Then Dinny growled out something about its being a shame to make such a naygur of a white man, and seeing no alternative, went on behind the guide, being followed by Mr Rogers, the boys bringing up the rear.
The first part of their journey was for some distance through narrow passages, where they often had to bend double, with only an opportunity now and then for straightening themselves upright; but by degrees, as they went on splash, splash, through the water, the roof rose higher and higher, till its summit seemed to be lost in gloom, while the grey walls looked wild and romantic in the extreme.
A glance to right and left of the narrow way showed that in some great convulsion of nature, the rock had been split and separated to a small extent, and the result was the formation of this cavern; for so similar were the sides that had the natural action been reversed, the two sides would have fitted together, save where the water had worn the rock away.
It was a weird journey, made the more mysterious by the guide, who pointed out side passages where the water grew deeper, which passages, he said, had never been explored; and at last, after they had been travelling slowly along the solemn echoing place, Dinny appealed to his master to go back.
“Shure I’m not a bit freckened,” he said; “but, sor, there’s danger to us all if we go on there.”
“Absurd, Dinny,” cried his master. “Go on. What is there to be afraid of?”
“Oh, nothing at all, sor.

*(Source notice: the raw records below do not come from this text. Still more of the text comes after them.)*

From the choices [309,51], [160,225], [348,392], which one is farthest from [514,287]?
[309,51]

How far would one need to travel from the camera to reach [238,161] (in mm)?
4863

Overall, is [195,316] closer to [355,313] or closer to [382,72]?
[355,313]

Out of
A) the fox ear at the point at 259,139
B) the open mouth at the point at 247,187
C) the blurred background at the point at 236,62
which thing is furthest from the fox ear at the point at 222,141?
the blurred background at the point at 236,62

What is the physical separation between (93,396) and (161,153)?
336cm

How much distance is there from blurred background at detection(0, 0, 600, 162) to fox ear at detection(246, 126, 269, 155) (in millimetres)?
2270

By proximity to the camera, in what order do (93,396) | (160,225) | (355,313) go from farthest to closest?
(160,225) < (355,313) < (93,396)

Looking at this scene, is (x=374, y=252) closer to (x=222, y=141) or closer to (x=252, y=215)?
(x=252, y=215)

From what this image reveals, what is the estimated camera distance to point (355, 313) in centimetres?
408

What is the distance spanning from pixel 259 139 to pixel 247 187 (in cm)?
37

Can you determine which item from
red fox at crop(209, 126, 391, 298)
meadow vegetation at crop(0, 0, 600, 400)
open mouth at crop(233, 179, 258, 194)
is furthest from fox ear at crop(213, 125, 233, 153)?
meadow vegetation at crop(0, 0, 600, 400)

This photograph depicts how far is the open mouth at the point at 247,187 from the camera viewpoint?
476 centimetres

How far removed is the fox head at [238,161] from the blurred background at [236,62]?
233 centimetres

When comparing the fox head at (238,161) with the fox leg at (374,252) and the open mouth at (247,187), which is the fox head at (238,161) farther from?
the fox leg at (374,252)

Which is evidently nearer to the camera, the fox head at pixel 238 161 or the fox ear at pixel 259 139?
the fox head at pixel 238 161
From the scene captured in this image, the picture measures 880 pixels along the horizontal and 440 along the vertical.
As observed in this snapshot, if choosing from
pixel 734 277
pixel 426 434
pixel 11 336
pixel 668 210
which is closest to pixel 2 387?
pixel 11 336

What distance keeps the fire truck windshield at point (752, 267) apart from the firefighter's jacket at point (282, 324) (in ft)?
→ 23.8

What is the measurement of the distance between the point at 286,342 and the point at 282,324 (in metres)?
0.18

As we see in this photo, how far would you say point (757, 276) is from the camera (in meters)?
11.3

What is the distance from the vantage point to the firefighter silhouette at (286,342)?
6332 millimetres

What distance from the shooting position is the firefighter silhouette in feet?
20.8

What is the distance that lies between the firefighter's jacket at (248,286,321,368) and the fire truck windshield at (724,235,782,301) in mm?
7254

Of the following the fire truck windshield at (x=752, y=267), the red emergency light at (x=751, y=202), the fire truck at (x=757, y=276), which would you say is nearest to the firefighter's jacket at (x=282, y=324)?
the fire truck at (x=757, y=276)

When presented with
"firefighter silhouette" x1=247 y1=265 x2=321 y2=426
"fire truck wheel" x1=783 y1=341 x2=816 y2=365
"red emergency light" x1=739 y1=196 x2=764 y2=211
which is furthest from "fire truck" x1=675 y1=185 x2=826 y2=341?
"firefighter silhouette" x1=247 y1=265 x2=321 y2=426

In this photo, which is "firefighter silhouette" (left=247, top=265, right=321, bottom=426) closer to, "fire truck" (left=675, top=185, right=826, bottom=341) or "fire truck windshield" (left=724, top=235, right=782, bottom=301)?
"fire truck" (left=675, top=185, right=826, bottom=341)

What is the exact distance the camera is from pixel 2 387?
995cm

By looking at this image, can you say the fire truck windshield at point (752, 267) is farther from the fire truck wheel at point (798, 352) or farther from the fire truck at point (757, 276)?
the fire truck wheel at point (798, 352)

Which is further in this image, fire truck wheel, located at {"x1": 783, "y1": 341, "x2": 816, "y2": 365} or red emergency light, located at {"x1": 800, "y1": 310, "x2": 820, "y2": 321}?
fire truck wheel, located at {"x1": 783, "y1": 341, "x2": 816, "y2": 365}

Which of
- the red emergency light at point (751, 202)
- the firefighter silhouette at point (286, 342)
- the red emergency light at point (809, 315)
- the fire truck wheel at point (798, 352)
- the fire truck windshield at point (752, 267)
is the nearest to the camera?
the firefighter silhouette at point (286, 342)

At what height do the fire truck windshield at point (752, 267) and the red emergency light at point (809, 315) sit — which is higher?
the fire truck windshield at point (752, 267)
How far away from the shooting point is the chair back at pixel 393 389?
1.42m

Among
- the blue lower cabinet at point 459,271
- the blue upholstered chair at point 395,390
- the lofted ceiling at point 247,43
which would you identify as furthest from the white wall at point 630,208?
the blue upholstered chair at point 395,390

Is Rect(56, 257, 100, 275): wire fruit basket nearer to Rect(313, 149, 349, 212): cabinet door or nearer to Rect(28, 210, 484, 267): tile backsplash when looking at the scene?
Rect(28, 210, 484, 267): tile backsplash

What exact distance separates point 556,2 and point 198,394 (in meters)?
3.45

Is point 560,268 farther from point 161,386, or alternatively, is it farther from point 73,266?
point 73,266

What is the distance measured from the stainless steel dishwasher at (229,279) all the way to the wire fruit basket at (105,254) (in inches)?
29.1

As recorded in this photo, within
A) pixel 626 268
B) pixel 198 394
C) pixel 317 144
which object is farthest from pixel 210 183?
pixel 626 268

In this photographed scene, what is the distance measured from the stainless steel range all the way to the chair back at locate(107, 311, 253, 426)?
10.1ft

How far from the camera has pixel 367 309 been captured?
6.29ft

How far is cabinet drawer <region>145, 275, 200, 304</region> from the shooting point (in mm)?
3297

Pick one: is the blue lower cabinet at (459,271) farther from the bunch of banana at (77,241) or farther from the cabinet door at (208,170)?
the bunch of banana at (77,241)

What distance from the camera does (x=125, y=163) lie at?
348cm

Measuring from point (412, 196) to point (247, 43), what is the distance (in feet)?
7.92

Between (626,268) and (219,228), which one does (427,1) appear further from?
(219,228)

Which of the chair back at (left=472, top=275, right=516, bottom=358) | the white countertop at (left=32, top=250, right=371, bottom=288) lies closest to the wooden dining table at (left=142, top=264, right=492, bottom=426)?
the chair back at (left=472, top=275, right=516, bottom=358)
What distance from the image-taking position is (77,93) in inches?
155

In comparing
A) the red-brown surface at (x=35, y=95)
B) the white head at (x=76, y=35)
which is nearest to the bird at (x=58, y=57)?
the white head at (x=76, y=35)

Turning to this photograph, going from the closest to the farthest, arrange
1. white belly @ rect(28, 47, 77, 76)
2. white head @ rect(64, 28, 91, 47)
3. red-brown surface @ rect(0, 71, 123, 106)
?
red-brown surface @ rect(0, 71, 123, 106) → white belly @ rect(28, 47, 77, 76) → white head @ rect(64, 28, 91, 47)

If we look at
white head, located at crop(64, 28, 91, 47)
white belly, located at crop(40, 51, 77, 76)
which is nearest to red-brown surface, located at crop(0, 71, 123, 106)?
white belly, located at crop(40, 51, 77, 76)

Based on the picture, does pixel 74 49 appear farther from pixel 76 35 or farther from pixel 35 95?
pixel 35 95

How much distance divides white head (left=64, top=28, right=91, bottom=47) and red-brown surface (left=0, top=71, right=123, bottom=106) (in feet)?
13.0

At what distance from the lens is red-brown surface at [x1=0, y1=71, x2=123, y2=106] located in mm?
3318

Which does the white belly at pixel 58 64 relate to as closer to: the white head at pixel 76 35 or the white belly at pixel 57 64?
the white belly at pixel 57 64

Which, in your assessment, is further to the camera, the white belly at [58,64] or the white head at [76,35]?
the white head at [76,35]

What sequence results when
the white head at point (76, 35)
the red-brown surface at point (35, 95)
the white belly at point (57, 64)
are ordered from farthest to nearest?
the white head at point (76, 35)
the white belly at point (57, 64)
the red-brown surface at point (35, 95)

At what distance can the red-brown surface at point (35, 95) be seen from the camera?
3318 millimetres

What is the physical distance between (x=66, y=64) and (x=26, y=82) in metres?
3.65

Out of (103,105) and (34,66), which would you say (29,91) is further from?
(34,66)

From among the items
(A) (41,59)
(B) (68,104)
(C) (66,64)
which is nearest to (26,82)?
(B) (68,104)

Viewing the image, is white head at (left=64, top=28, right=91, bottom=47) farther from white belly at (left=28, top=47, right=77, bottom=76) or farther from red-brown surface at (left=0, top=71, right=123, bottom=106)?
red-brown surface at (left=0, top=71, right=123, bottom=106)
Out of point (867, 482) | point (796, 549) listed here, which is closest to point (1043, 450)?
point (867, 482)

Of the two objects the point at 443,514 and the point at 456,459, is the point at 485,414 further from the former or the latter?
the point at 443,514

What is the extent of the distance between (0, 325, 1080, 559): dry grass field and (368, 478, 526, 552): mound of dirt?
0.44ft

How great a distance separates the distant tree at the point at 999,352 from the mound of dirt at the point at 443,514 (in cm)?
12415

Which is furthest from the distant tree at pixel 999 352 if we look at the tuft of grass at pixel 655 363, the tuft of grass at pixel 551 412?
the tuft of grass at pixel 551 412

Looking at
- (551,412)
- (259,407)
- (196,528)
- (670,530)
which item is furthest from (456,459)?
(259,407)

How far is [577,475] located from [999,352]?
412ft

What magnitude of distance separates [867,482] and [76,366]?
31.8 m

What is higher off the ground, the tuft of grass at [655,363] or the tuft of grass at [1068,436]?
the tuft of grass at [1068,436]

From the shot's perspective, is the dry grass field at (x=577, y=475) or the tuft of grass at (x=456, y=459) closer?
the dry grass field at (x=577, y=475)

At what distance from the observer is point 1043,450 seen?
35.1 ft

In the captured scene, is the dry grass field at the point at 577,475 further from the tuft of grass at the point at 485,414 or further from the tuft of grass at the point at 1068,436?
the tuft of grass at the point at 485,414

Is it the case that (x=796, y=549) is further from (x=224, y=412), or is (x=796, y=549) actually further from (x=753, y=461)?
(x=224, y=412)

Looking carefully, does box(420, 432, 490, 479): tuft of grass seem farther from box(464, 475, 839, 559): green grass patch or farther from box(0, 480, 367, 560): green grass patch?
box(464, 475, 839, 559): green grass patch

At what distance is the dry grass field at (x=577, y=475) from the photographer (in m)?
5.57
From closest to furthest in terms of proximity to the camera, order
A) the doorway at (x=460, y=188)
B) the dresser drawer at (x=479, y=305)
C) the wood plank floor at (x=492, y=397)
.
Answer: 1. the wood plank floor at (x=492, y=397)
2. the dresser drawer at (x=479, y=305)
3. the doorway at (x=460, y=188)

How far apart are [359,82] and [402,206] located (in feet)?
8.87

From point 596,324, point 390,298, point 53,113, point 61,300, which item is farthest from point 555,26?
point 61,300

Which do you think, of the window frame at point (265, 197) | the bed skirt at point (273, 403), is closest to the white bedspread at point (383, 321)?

It isn’t that I mind, but we shall be coming upon some great big water-baste or a wather-shnake or something, and then what’ll we do at all?”
“Let it eat us, Dinny,” shouted Dick; and his voice sounded echoing and strange.
“Oh, an’ is it ate us, Masther Dick? Shure ye’ll have—murther! murther! murther!” shrieked Dinny. “I towld ye so. Oh! Help, here! Help!”
Down went Dinny’s torch into the water, to be extinguished upon the instant, and the scared fellow kept on yelling with all his might.